My vacuum cleaner can access any service on my network. Maybe not the best idea. I tried to segment the network once, but it was problematic to say the least. Maybe we should learn that security must not be an afterthought instead.
i chose OCI format for plugin packaging in my hyper-mcp project in order to leverage all the security measurements we have with OCI like image signing, image verification etc...
i chose wasm to sandbox each plugin so that they have no network or filesystem access by default
Yes, running unsafe bash commands in the implementation can be prevented by sandboxing. Instruction level attacks like tool poisoning, cannot be prevented like this, since they are prompt injections and hijack the executing LLM itself, to perform malicious actions.
https://github.com/orgs/modelcontextprotocol/discussions https://github.com/modelcontextprotocol/specification
There's your problem. USB-C is notoriously confusing.

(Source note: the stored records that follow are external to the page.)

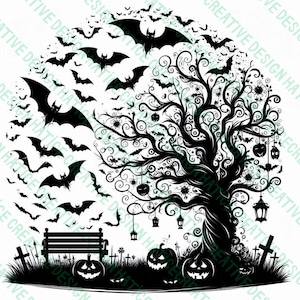 Halloween Tree Svg, Tree Design Dxf, Tree Design With Halloween By Print, Gift For Design Lover, Halloween Tree Dxf, Halloween Tree Design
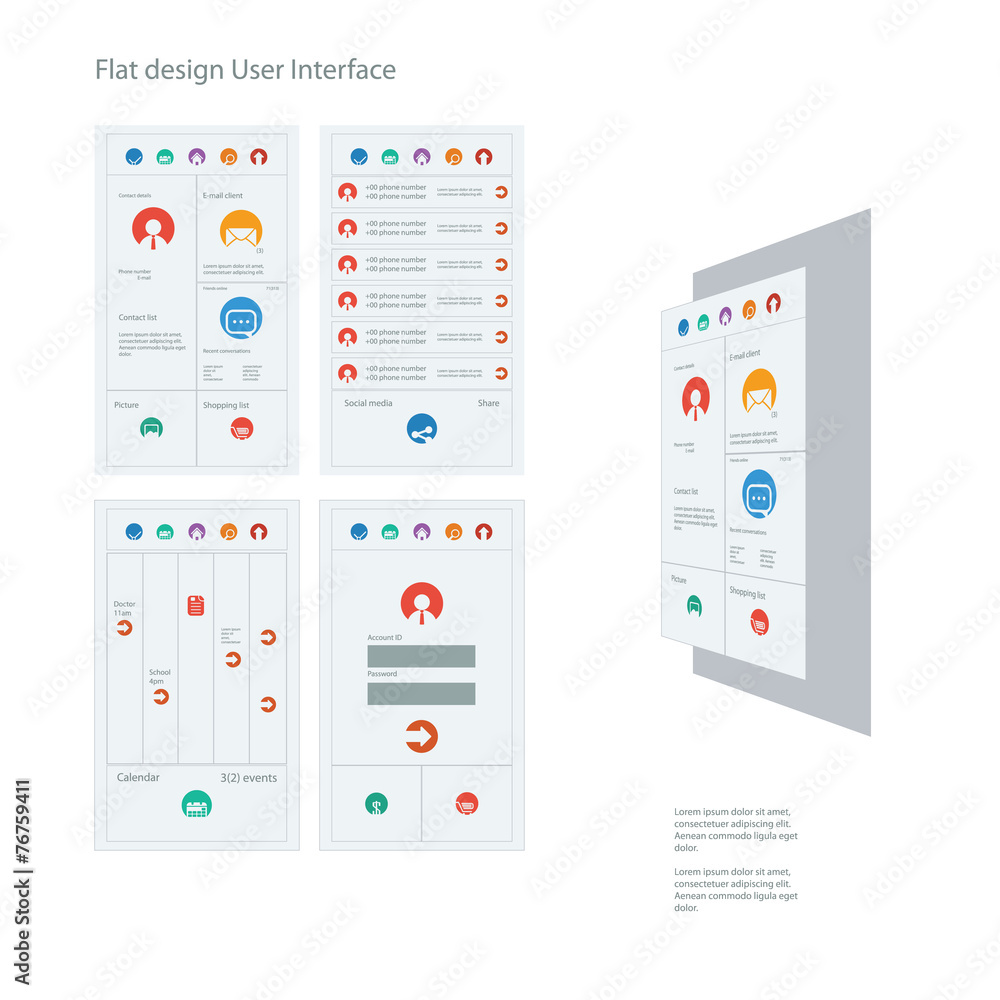 Poster set of flat design icons in colorful bars for graphic user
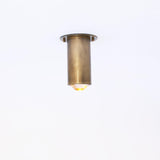 Brass Cylinder Ceiling Spotlight with Frosted Glass Lens
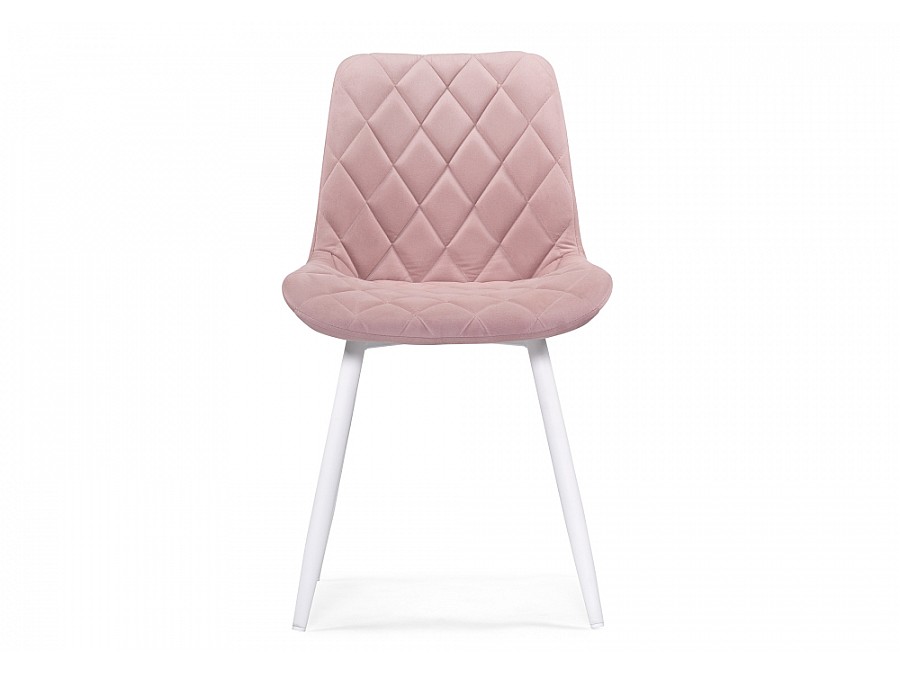 Стул на металлокаркасе Баодин без канта розовый / белый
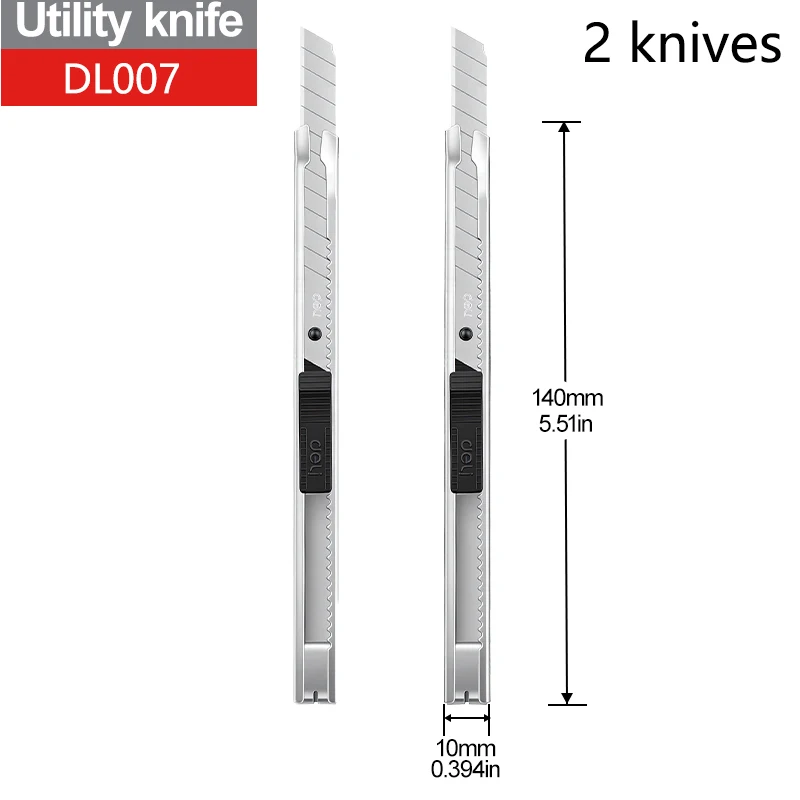 9mm Heavy Duty Utility Knife SK5 Staal Legering Lemmet 60 °   Zilverkleurige rand 0,4 mm dikke tapijt- en behangsnijder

i'll let the ML experts make the tools that i use, but also have good job prospects because infosec fundamentals will always be needed. especially if we have product managers like the sibling commenter who is certain that he will have an AI product that changes the infosec world, even though the person has zero background in security. to me, that is even more encouraging about the job security.
also, the herd is going to AI. maybe i'm a contrarian, unfortunately, but that seems like a good signal to not follow the herd, but instead get into something that the herd will need more of.
"Master Control Program" was an operating system for Burroughs mainframes in the 1960s and 70s. That is probably where Tron got the name.
In the '90s, I used another "MCP" on the Amiga: it was a "commodity" that tweaked and patched things, similar to PowerToys on MS-Windows. And I think the author has said that he got the name from Tron.
But that is true for every third party code on your systems all the time.
I mean - if they can't get me trough browser extension, vs code extensions, node modules, python modules, some obscure executables, open source apps, wordpress plugins and various jolly things on the servers and workstations that have zero days in them - they will craft malicious extension to llm that I will somehow get to host it.